Real estate practice guidelines get an update

The real estate bar is hoping to emphasize the value of the lawyer and educate the public through its newly approved guidelines for real estate transactions.

It’s the first broad update of practice standards in more than 10 years.

The Residential Real Estate Transaction Practice Guidelines, based on principles first put together by the profession’s working group on lawyers and real estate, were developed by the law society’s CEO’s working group on real estate issues and were approved by Convocation earlier this year.

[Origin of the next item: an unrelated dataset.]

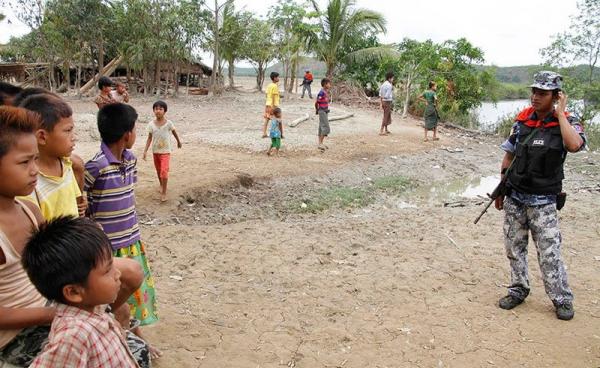 Rakhine children look at an armed guard  at the Si Taung village in Buthee Taung township, northern Rakhine State, Myanmar, 25 April 2016. Photo: Nyunt Win/EPA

They focus on areas such as client/lawyer relationship, due diligence, proper filing and record-keeping, document preparation and registration, financial issues, and extraordinary matters.

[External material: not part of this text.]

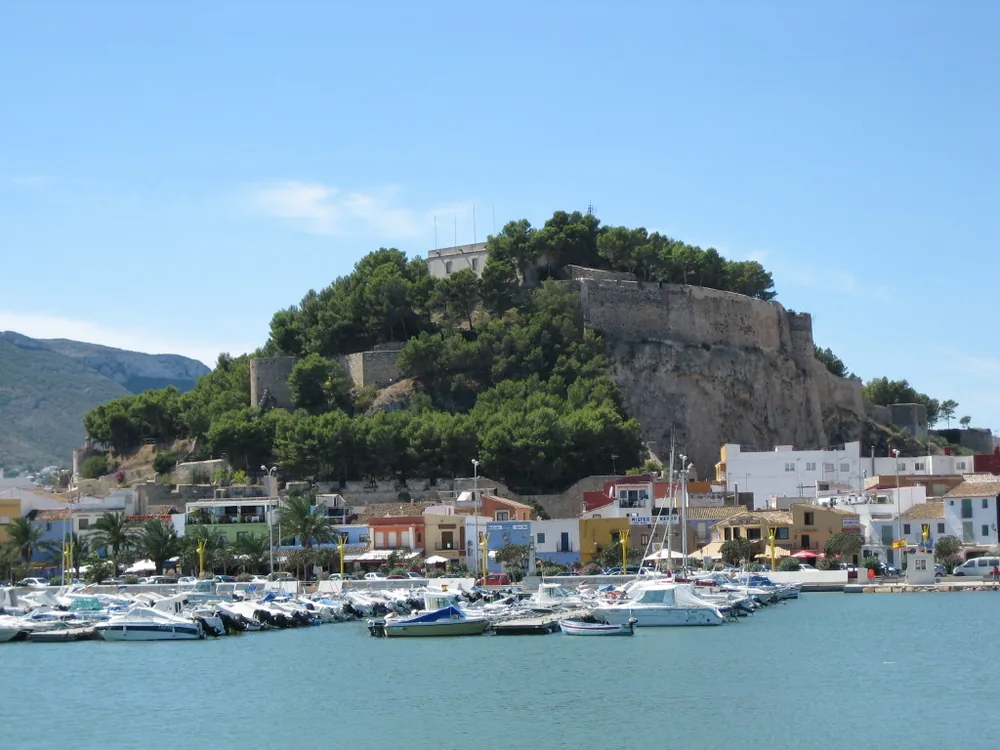 Denia Castle — the multi-period hilltop fortress above the port of Dénia, with views over the Mediterranean, Cap de Sant Antoni, and the Montgó massif in Alicante Province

Most of the guidelines are recommended and, according to the law society, “not intended to replace a lawyer’s professional judgment or to establish a rigid approach to the practice of law or the conduct of a real estate transaction.”

The working group on lawyers and real estate notes that this is the first broad updating of residential real estate practice standards since the mid-1990s. Before this particular set of guidelines was created, there was only a broad set of principles in place through various rules and provisions, but not in the same format.
Ray Leclair, co-chairman of the working group on lawyers and real estate, told Law Times the guidelines are an industry initiative as opposed to the regulator coming down on the industry.

“Were very pleased that the law society put that in place and is going to be adopting those and hopefully start enforcing them,” he says.
In terms of the principles, Leclair says, “We tried to make it something that was very manageable for the lawyer to be able to look at without being specific to the point where it becomes too tedious to go through.”

The guidelines could also help the industry address some of the challenges it is facing at the moment, as they will be one of the elements that help to educate the public.

“Hopefully it will be a tool that will be available for people to decipher and look at and say this is what a conscientious real estate lawyer should be doing in a transaction,” says Leclair.
He adds that the guidelines can also assist clients in making the distinction between using a lawyer, paralegal, or even title insurance companies in real estate transactions.

“It kind of shows the breadth of what we deal with on a real estate transaction,” he says.
The emphasis of the working group as a whole has been on the value of the real estate lawyer in the real estate transaction, says Leclair.

To go along with the guidelines, the working group also developed a suggested fee schedule for solicitors working on real estate transactions.
The law society has nothing to do with the fee schedule.

“What the fee schedule tried to plug into was to try to feed off of the practice guidelines and say, if you’re doing this, as a conscientious lawyer should do, then we think you should value your services in this range,” says Leclair.
In addition to having new guidelines and a fee schedule, Ontario’s real estate lawyers will also now have online access to the forms they use for property transactions, following an alliance between the working group on lawyers and real estate and the Ontario Real Estate Association.

English and French e-versions of six standard transaction forms used for residential and commercial property deals in the province are now available online, through LawyerDoneDeal Corp., at www.lawyersworkinggroup.com.

The forms include the agreement of purchase and sale for residential, condominium resale, commercial, condominium resale-commercial, agreement to lease for commercial and schedule A. The forms can be completed and revised online, printed and saved, and also securely viewed by others involved in a transaction.